Capitalism is running out of time

Should we really be surprised that the BBC news website did not prominently feature XR's attempted blockade of New Broadcasting House, its London headquarters. In a statement XR said:
We’re here today to demand that the BBC respond to the emergency in the way they responded to World War Two i.e. devoting the entire professional management structure to getting the message out to the British public.We’re here because the BBC has refused to declare a climate emergency. We’re also here today because the BBC continues to normalise high-carbon lifestyles with programmes like Top Gear promoting flying and driving.”

A spokesperson for XR called “on the BBC to meet its crucial moral duty to tell the full truth on the climate and ecological emergency”.

If you want really clear explanations of how greenhouse gases and global warming, of the carbon emission and how it’s disrupting the climate patterns, you’ll find them on numerous websites across the internet. However, less mentioned is the root cause of this environmental crisis. The starting point for any examination of the climate crisis is the role of capitalism. At all those international conferences and summit meetings we’re not supposed to question capitalism, and this is why it’s always off the table. Even for many scientists, capitalism is something more or less eternal, associated in the fundamental way we run the world. Not surprisingly, there is so little discussion of capitalism within the discourse that most people are left with only a vague understanding of what we’re talking about when we say without eliminating capitalism, we can't halt the consequences of climate change. Campaigner and activists Naomi Klein gives an accurate definition of what the capitalist system entails:
Capitalism is an economic and social system in which the means of production are privately owned. The owners, or capitalists, appropriate the surplus product created by the workers. This appropriation leads to the accumulation of more capital, the amassing of wealth, further investment, and thus the expansion of capitalism. Commodities are produced for the purpose of generating profit and promoting accumulation. Within the capitalist system, individuals pursue their self interests against competition and impersonal forces of the market.”
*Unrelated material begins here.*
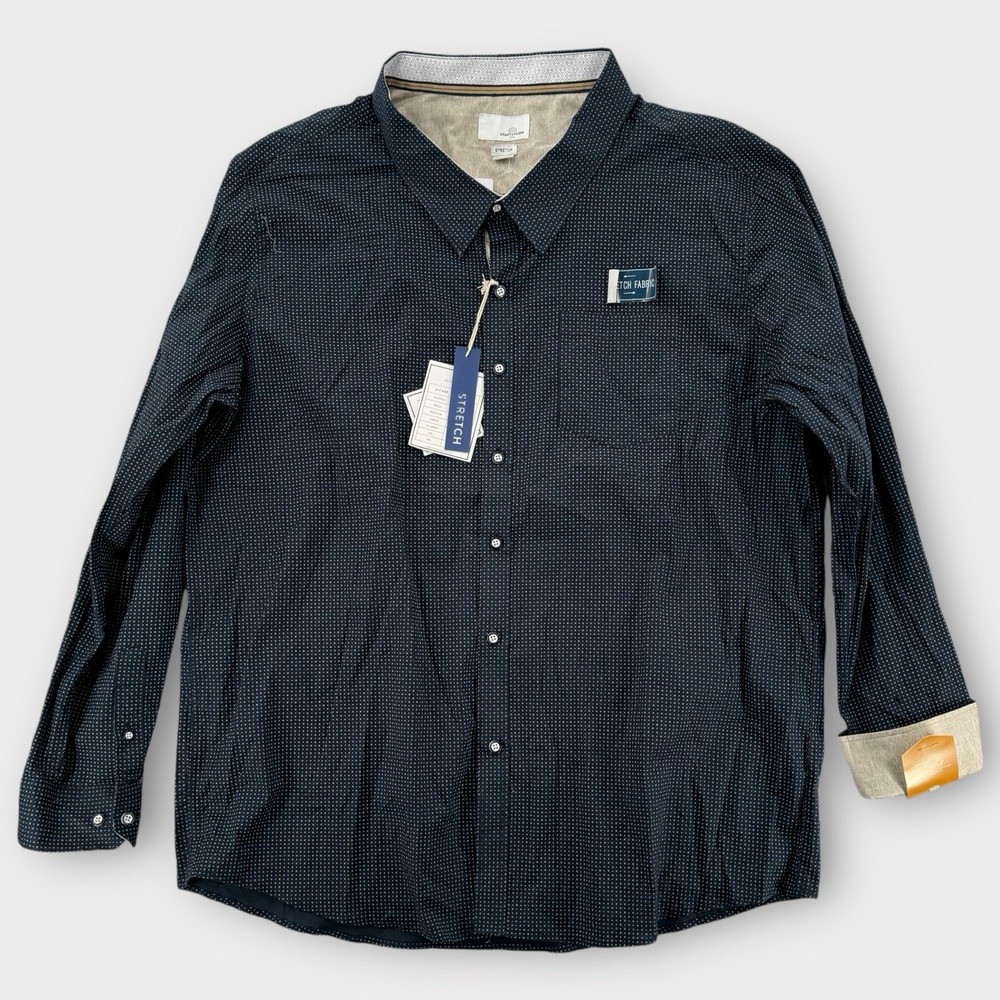 Craft‎ + Flow Shirt Mens 2XL Blue Polka Dot Long Sleeve Cotton Button Down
She argues that debates within the capitalist class over which is more effective mitigating policies boil down to tensions between finance capital (favouring carbon trading) and industrial capital (favouring carbon taxes). In either case, she adds, “corporations will not allow governments to curtail profits,” and when profits are threatened by a particular policy that policy is repealed or a loophole found. Klein shows how the capitalist system is so addicted to fossil fuels that nothing short of a revolution can wean it away from their use. Here we part ways with Naomi who advocates radical reforms, but reforms none the less.

The dilemma for business is that that chaos of climate change must be avoided but not at the cost of reducing profitability and being out-competed by commercial rivals. The capitalists seek solutions within the framework of “business-as-usual” – applying fiscal policies and modifying technologies – so as not to detrimentally effect the dividends of their shareholders. But there’s no win-win under capitalist economic laws. The logic of capitalist competition ensures that profits are paramount, with the environment treated secondary as an “externality”. Businesses must compete to survive, while their government servants must protect their masters interests. If remedies required to reduce global warming undermine a company or state’s competitive position, the pressure to resist change is immense, strengthened by the powerful lobbying by the corporations. Ultimately, any measures taken by states and corporations ostensibly to mitigate climate change are cosmetic, designed to placate public opinion. Some solutions to mitigate climate change are in reality to serve vested interests such as the expansion of subsidies for biofuels to multinational agribusiness and industrialised farmers. Capitalist CEOs and governments claim to be tackling the climate crisis but they are invariably doing too little, too late.

To quote Lenin, for once, “There are decades where nothing happens; and there are weeks where decades happen.” It appears with the mounting number of protests by environmentalists and their increasing campaigns, the inertia of people in the past is disappearing and there is a rising consciousness and understanding about the relationships between the health of the planet and the wealth of the rich. The grip that capitalist ideology had over people's minds is loosening and system change is being seen as more feasible than to rely upon the stock-market and to construct elaborate geoengineering schemes for answers. More and more people are coming to realise that capitalism has simply proven incapable of stopping or limiting the climate crisis. Many eco-activists who can’t figure out why capitalism can’t control carbon emissions are now beginning to understand that the socialist analysis of the capitalism system might bring them that knowledge.